● **Problem statement**
Find the line with "Hello everybody. I" in the records below. Copy it and every line after it, up to and including the line with "Thanks for taking".

● **Extracted material**
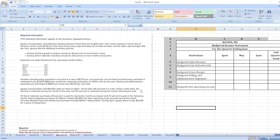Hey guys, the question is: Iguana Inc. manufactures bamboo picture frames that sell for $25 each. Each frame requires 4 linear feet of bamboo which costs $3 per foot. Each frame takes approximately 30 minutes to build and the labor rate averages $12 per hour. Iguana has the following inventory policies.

---

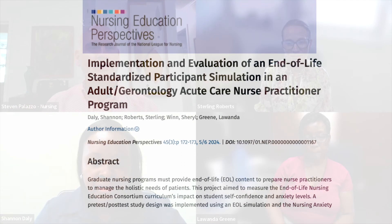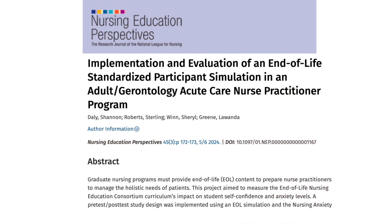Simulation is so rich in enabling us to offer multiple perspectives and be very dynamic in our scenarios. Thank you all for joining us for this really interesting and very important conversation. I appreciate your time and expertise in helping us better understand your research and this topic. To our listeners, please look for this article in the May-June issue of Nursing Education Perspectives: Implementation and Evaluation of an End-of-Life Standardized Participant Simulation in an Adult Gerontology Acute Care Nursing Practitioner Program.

* * *

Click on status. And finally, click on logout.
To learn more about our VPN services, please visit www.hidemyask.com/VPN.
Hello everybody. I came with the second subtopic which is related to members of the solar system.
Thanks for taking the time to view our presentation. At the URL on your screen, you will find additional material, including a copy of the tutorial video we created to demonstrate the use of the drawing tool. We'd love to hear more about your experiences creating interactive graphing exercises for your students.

● **Task answer**
Hello everybody. I came with the second subtopic which is related to members of the solar system.
Thanks for taking the time to view our presentation. At the URL on your screen, you will find additional material, including a copy of the tutorial video we created to demonstrate the use of the drawing tool. We'd love to hear more about your experiences creating interactive graphing exercises for your students.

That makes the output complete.